INSTRUCTIONS TO FOLLOW: Copy each line below exactly as it appears. Pictures are to be omitted.

Extracted data entries

----------

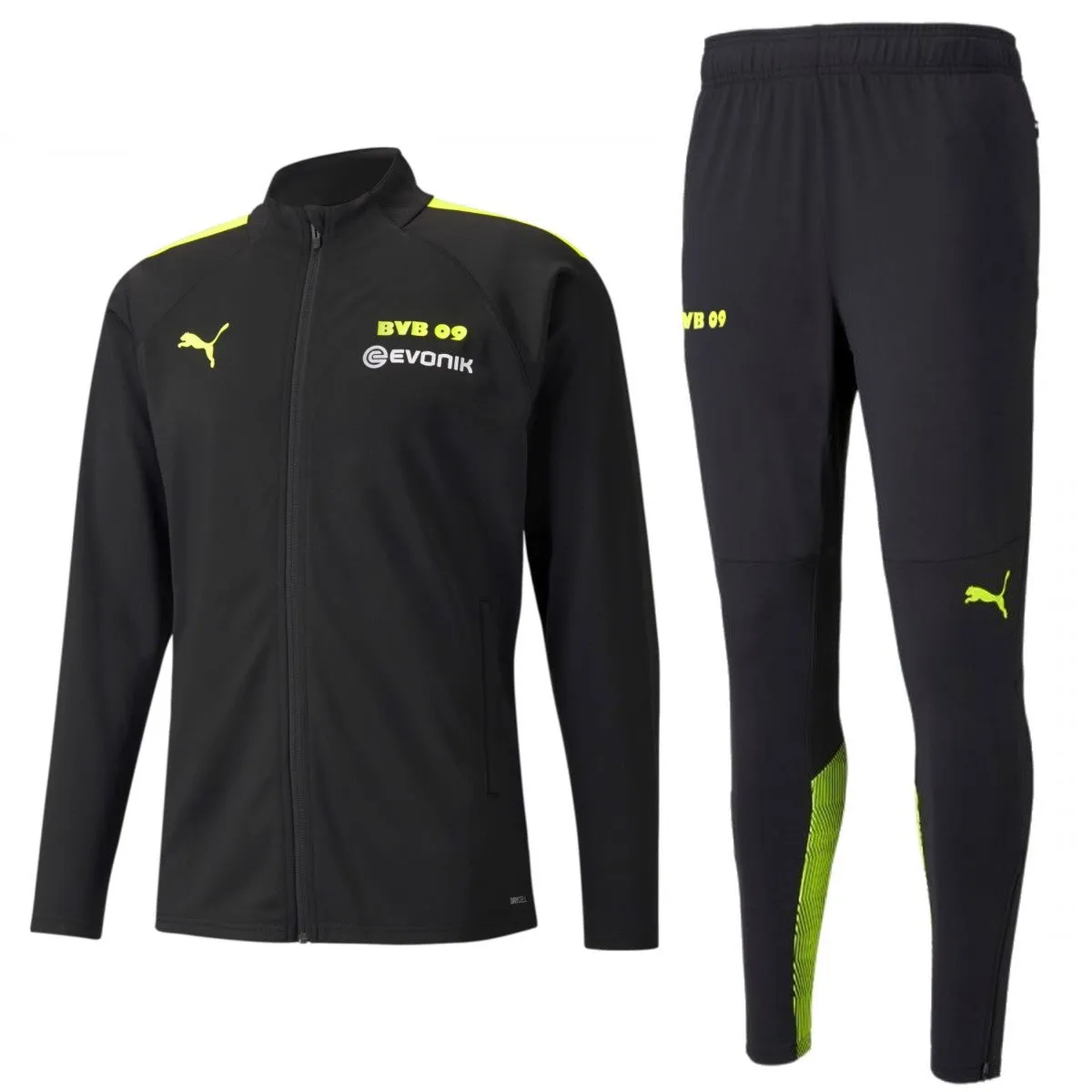 BVB Borussia Dortmund black training bench tracksuit 2021/22 - Puma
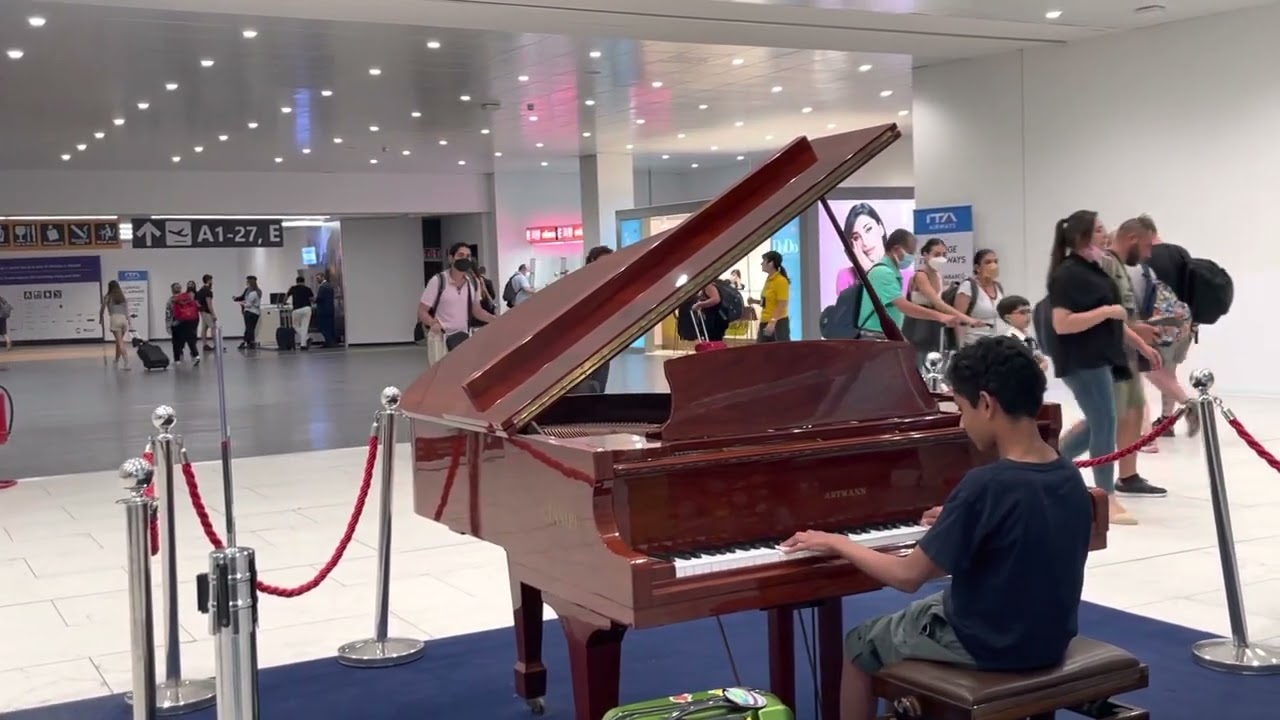 Airport Piano Playing YouTube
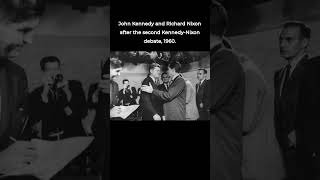 John Kennedy and Richard Nixon, 1960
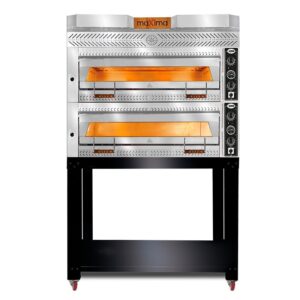 GMG Maxima PEF S Serisi Çift Katlı Taş Tabanlı Pizza Fırını, 9+9 Kapasiteli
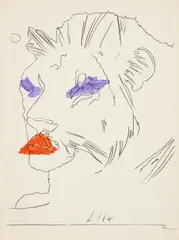 Lion (Il Leone) by Andy Warhol, Offset auf Velin, sold Sep 2025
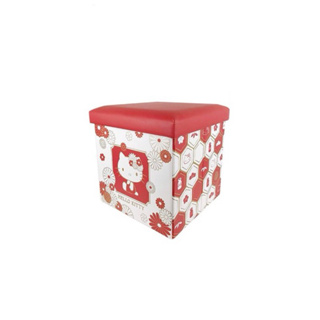 7-11 福袋 Hello Kitty 皮革摺疊收納凳/收納椅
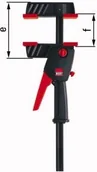 Imadła i ściski - Bessey Zacisk jednoręczny DuoKlamp DUO DUO30-8 - miniaturka - grafika 1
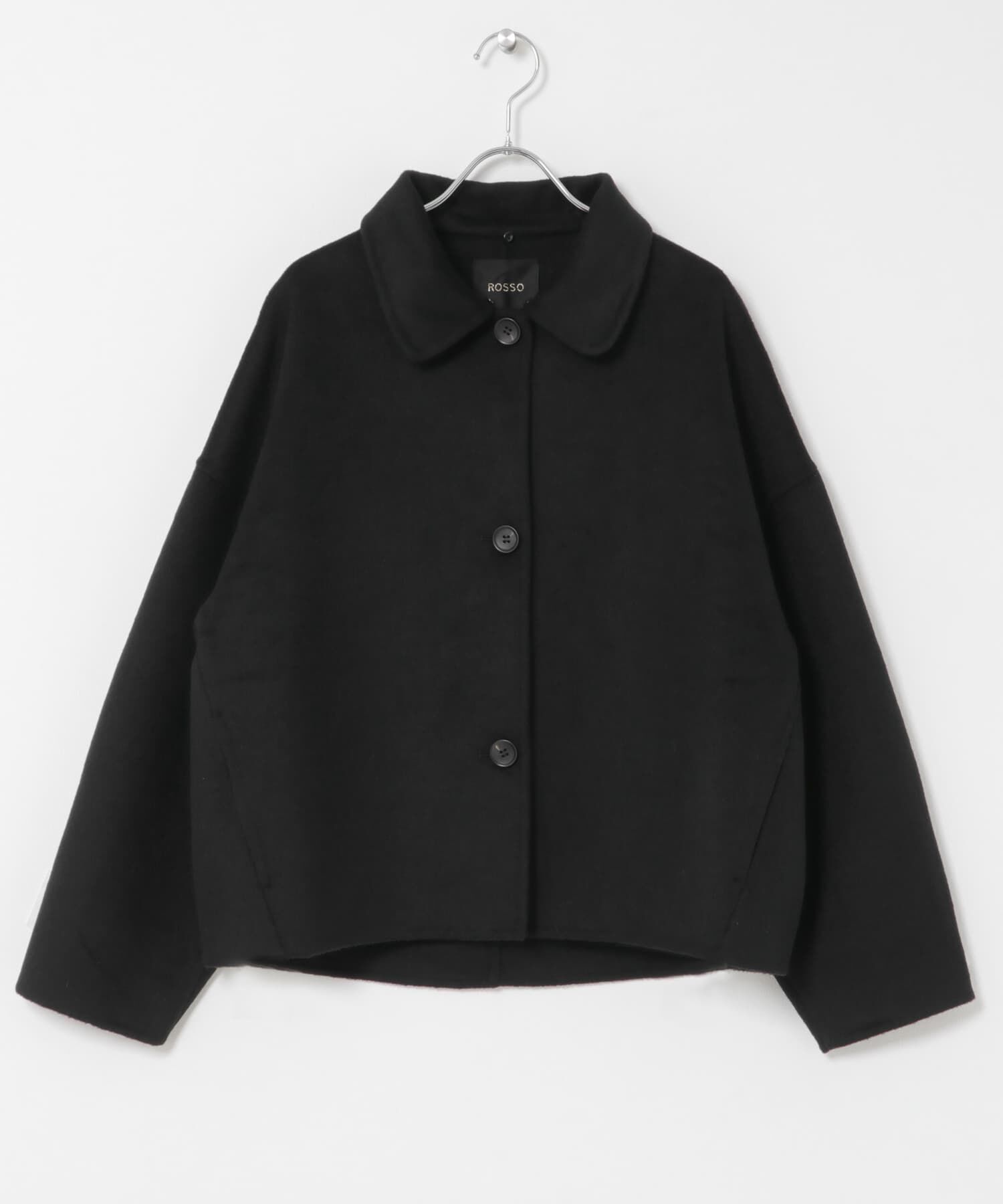URBAN RESEARCH ROSSO「『WEB/一部店舗限定』2wayファーカラーリバーショートコート」|ノーカラーコート|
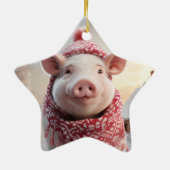 Tiergeschenke, Farm-Lover-Geschenk, Niedliches Sch Keramik Ornament (Hinten)
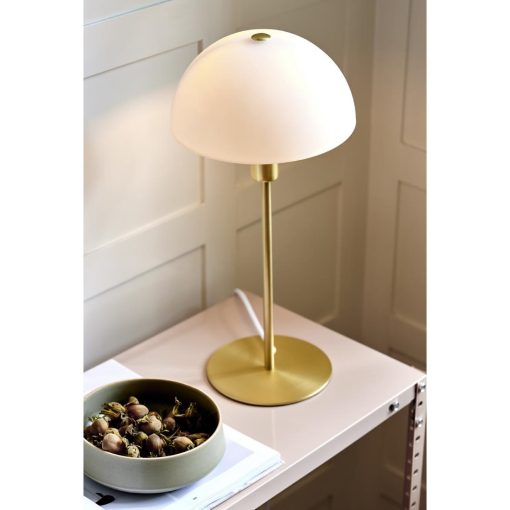 Nordlux Ellen 20 Indoor Table Lamp Brass Glass Shade (JE761)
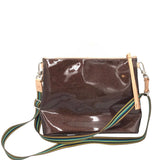 CONSUELA CROSSBODY TOTE HANDBAG BROWN BLUE 12”x10”x3”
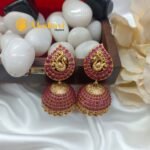 Antique Peacock Kemp Jhumkas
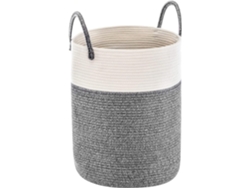 Cesta grande de cuerda de algodón, cesta de fieltro, cesta de tela para guardar juguetes, organizador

----------

WORKED SOLUTION:
 BVB Borussia Dortmund black training bench tracksuit 2021/22 - Puma
 Airport Piano Playing YouTube
 John Kennedy and Richard Nixon, 1960
 GMG Maxima PEF S Serisi Çift Katlı Taş Tabanlı Pizza Fırını, 9+9 Kapasiteli
 Lion (Il Leone) by Andy Warhol, Offset auf Velin, sold Sep 2025
 7-11 福袋 Hello Kitty 皮革摺疊收納凳/收納椅
 Imadła i ściski - Bessey Zacisk jednoręczny DuoKlamp DUO DUO30-8 - miniaturka - grafika 1
URBAN RESEARCH ROSSO「『WEB/一部店舗限定』2wayファーカラーリバーショートコート」|ノーカラーコート|
 Tiergeschenke, Farm-Lover-Geschenk, Niedliches Sch Keramik Ornament (Hinten)
 Nordlux Ellen 20 Indoor Table Lamp Brass Glass Shade (JE761)
 CONSUELA CROSSBODY TOTE HANDBAG BROWN BLUE 12”x10”x3”
 Antique Peacock Kemp Jhumkas
 Cesta grande de cuerda de algodón, cesta de fieltro, cesta de tela para guardar juguetes, organizador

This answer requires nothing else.